# Thick, red stolons on my St. Augustine.



## Sid Baines (Jun 1, 2018)

Hey guys and gals,
NW Louisiana with mostly Palmetto St. Aug. I noticed this week as my grass is greening up there are a lot of thick, red stolons really creeping but they don't seem to be tacking down. I put down a prodiamine app in the fall and dithiopyr this January. Any ideas what might be causing the thick, red stolons?

Re-edit: The stolons are more of a reddish brown. There seems to be good root development at the nodes too. I guess I'm not too worried after all. Comments?


----------



## Redtwin (Feb 9, 2019)

Photos?


----------



## Mudman-62 (Mar 28, 2020)

Mine is doing the same thing with red stolons and runners on top of ground guess I used too much prodiamine


----------



## LawnRat (Mar 22, 2019)

If there is too much prodiamine, you will very clearly see the short clubbed roots on each node of the undersides of those runners that aren't tacking. Been there, not fun. If there aren't _any_ roots yet I don't think that's necessarily a bad thing myself.

Throw some play sand in the spots that aren't tacking down to speed the process.
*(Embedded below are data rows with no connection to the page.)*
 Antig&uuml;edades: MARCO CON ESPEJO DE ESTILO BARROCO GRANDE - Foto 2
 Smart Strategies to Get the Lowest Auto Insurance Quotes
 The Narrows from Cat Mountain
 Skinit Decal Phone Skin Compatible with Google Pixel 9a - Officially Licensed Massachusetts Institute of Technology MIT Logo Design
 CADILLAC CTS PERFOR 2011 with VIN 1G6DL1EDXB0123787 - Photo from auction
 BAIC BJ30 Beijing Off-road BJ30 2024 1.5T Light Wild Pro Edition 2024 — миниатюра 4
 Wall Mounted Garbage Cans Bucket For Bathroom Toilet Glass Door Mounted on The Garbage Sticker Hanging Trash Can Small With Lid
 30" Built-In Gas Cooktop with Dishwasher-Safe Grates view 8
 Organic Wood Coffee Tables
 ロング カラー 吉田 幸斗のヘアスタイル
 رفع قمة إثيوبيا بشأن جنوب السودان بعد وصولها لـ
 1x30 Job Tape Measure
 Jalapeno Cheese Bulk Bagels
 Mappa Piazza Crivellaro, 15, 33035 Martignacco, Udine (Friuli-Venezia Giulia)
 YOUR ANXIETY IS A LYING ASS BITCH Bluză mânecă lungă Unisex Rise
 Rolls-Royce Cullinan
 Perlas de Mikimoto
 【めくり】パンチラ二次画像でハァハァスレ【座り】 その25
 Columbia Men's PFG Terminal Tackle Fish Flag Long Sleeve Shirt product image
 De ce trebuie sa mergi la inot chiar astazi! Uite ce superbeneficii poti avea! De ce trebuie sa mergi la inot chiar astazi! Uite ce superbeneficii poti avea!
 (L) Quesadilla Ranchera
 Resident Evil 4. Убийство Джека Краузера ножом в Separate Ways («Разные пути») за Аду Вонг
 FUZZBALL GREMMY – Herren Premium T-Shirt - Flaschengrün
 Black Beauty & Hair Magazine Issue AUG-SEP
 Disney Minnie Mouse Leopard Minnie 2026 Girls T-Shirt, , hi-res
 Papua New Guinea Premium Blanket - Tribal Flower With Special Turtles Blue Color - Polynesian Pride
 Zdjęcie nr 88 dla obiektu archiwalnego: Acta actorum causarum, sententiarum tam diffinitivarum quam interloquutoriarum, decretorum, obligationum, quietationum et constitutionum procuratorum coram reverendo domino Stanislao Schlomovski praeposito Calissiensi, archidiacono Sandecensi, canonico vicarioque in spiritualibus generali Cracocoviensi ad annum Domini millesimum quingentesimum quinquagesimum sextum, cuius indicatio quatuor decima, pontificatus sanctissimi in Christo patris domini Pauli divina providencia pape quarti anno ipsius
In my limited experience, it seems to me that the healthiest "runners" are the ones that don't always immediately root, probably because they get plenty of water from their well fed nearby nodes, and it's lateral growth is outpacing it's root growth.

Dark red/purple THICK stolons are usually Floratam...But I have seen plenty of new thin reddish stolons from Palmetto, and new skinny green stolons from floratam...New growth can be any color really, so trace the stolon back a few feet and see what color it is.


----------



## Buffalolawny (Nov 24, 2018)

More stressed the darker the stolon without roots Coming out of wither dont be too stressed yet


----------



## Sid Baines (Jun 1, 2018)

I edited my original post and added some pics.


----------



## Greyleafspot (Oct 16, 2018)

Clubbed to much pre em


----------



## LawnRat (Mar 22, 2019)

I'd lightly disturb the ground with a leaf rake, and maybe put down a thin layer of sand or soil.


----------



## Redtwin (Feb 9, 2019)

I'm certainly not a SA expert, but if I saw that in my yard I'd think, "Where the hell did this Floratam come from?"


----------